At Wednesday’s county meeting, Council Chair Arryl Kaneshiro and councilmember Luke Evslin both voiced their discouragement by the state’s lack of collaboration with the county.
Individually, members said they would be drafting and sending letters to the Governor, but Kaneshiro said he doesn’t think it’ll have much weight.
“I’ll be truthful, letters and resolution will do the same thing,” Kaneshiro said. “If it changes the Governor’s mind, I don’t think it will.”
Councilmember Mason Chock already wrote to Ige on Oct. 5, asking the state to reconsider.
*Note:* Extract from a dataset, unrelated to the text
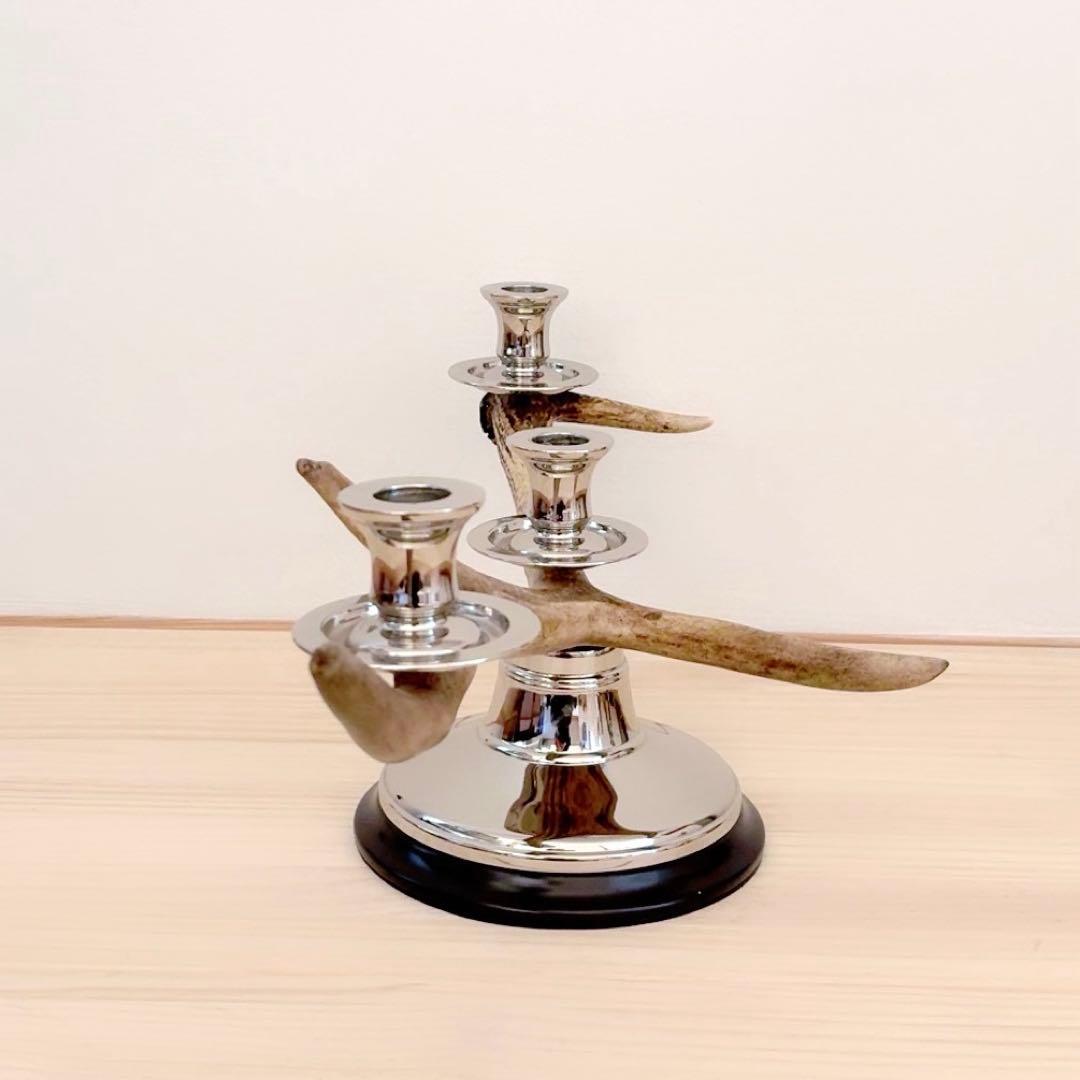 ラルフローレン 鹿角 キャンドルスティック 3灯 アンティーク コレクション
Chock noted that travelers could enter the state infected under the pre-test program with a negative test leading to an adverse
“When additional cases are added to the infections already int he community, it will cause untold harm to the people and economy of Hawai‘i, potentially overwhelming the State’s already challenged health care resources, especially on Kaua‘i, leading to ill health, loss of life, suppression of the non-tourism economy, disruption of every aspect of life in Hawai‘i and another shutdown and economic disaster.”
Chock writes that doctors support a second test after six days of quarantine and that a two-test plan.
“I strongly recommend your favorable reconsideration of a science-based 2-test plan or a proven science-based multi-test antigen plan and take the time to develop a comprehensive defense against the entry of COVID-19 into the State and the spread of COVID-19 in the community,” Chock wrote.
Residents have taken to an online petition, calling for Ige to reconsider.
The petition titled “Re-open Hawaii travel with a 3-day waiting period!” had 1,192 signatures Wednesday night.
“Many of those who love Kaua‘i are familiar with how important it is to remain calm and steady in high surf. COVID has the power of those waves, and it has brought the world to its knees,” petition creator Matthew Kievlan wrote.
Kievlan started the petition to protect the health of his family and community, he said in an email Wednesday.